Social rather than ethnic antagonism was also a problem for those English politicians who counted on Britannic solidarity to keep Afrikaner republicanism at bay and force Afrikaner ‘moderates’ to accept the permanence of the British connection. Class conflict between English (often British immigrant) mineworkers and the mining interest whose influence was strong in the Unionist party had been a feature of pre-war politics and had led to the rise of the Labour party on the Rand. After 1918, these intra-English class tensions erupted spectacularly. Post-war depression was the immediate cause. South African gold producers were trapped between the fixed price of gold and the rising costs of drilling ever deeper into the gold-bearing reef beneath Johannesburg. They longed to cut their costs by substituting cheap black labour for the costlier white men they were forced to employ by the strength of (white) organised labour on the Rand. The surge in prices during wartime (when gold's price was still fixed) made matters worse, and when the temporary relief that came with the fall in the post-war value of the pound against gold was reversed by early 1922, and depression led to declining production, the crisis could not be postponed. When the mineowners suspended the old ratio of white to black workers, a strike broke out. In early March 1922, it became a general strike on the Rand, and then an armed insurrection as some of the strikers declared a socialist republic. Smuts’ reaction was uncompromising. Troops were sent in, and in several days of fighting over 200 people were killed. The strike was crushed. The number of white miners was cut by over 3,000 and real wages fell. The gold industry returned to profit.
112
But Smuts’ identification with the mining interest was to cost him dear. Three revolutions in a few short years, sighed one English politician, was ‘too much for any country’.
113

Smuts was committed wholeheartedly to empire membership. He had commanded the imperial force in the East African campaign. He had represented South Africa at the Imperial Conferences of 1917 and 1918. By the last year of the war, he had become one of the most powerful figures in Lloyd George's government. He played a leading part in the planning for a league of nations and in the diplomacy of peacemaking at Paris in 1919. In a secret mission in 1921, he had pressed on the leaders of Sinn Fein the argument for accepting dominion status and not holding out for secession and an Irish republic.
114
Yet Smuts had also been one of the loudest voices demanding British recognition of the dominions’ equality: in constitutional status and external policy. And, like other dominion leaders, he thought that Britain's involvement in post-war Europe would weaken her claims on dominion support. It was vital, he urged, that Britain renounce secret diplomacy for open covenants. Then the dominions would know what commitments they faced.
115
Smuts knew very well that, whatever the guise, South African involvement with Britain's global interests was deeply unpopular with many Afrikaners. The ‘bulk’ of the Dutch people, he told a friend in Britain, were republicans.
116
But he was convinced that a united British Empire within the League of Nations was the key to world order in an age of great uncertainty; and that survival as a ‘white man's country’ (itself far from certain in the 1920s) made empire membership essential for South Africa. In a conscious echo of Rhodes’ programme, Smuts looked forward to a chain of white states stretching north to Kenya – ‘A great white Africa along the eastern backbone, with railway and road communications connecting north and south’ – under South African influence and sooner or later as part of the South African Union. Here was the promise of South Africa's greatness, and her commercial prosperity (as the sub-metropole of this settler Africa) and the best guarantee against a colonial policy that favoured Indian traders or native (i.e. African) chiefs.
117
But this long game of South Africa's future made it all the more vital to have influence in London, to be a partner in African empire, and to keep the loyalty of the South African English and the British settlers to the north of the Limpopo.
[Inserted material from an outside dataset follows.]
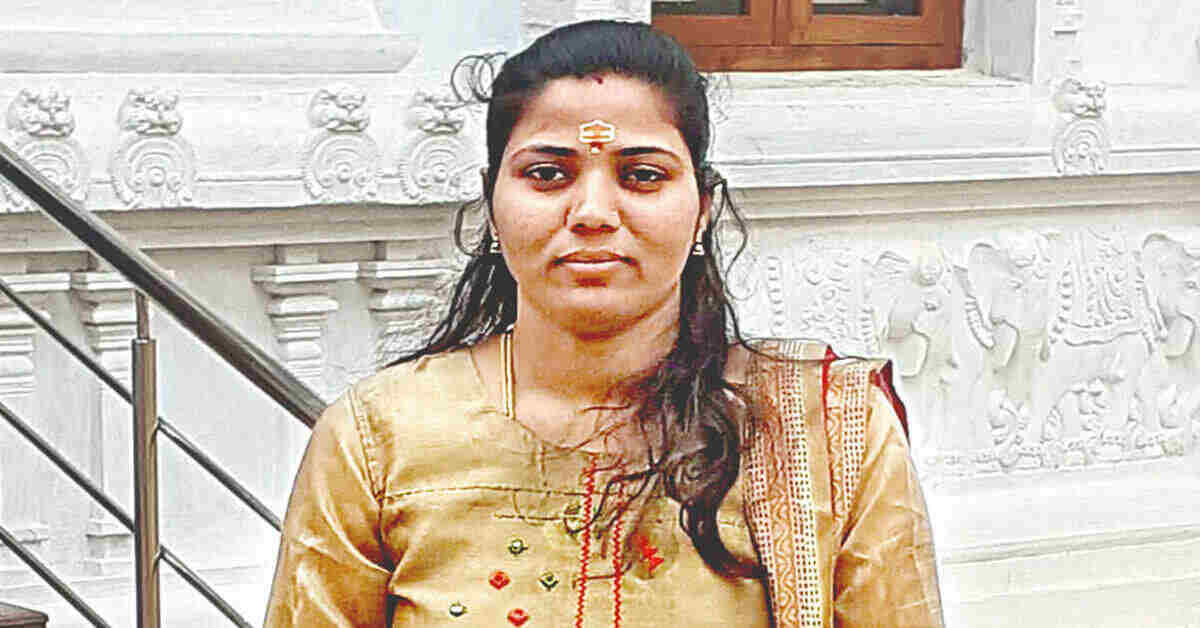 పోలీస్ ఉద్యోగం కోసం గర్బిణి సాహసం, ఏకంగా 400 మీటర్లు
In 1921, Smuts had turned the tables on his nationalist opponents. Post-war prosperity and the reaction of English voters against republicanism gave him and his ex-Unionist allies a clear election victory over both Hertzog and the Labour party. The electorate had given a ‘decisive answer’ on the question of secession, said Smuts.
118
After that, almost everything went wrong. Depression, the bloodshed on the Rand and the continuing fear of a crisis in Europe damaged Smuts’ reputation. In 1923, to Smuts’ great chagrin, the white settlers in Southern Rhodesia (where rule by the British South Africa Company was about to end) voted for a separate future as a self-governing colony rather than join the South African Union. In the general election of June 1924, although its popular vote held up well, the South Africa party lost badly to the National and Labour parties united in a pact.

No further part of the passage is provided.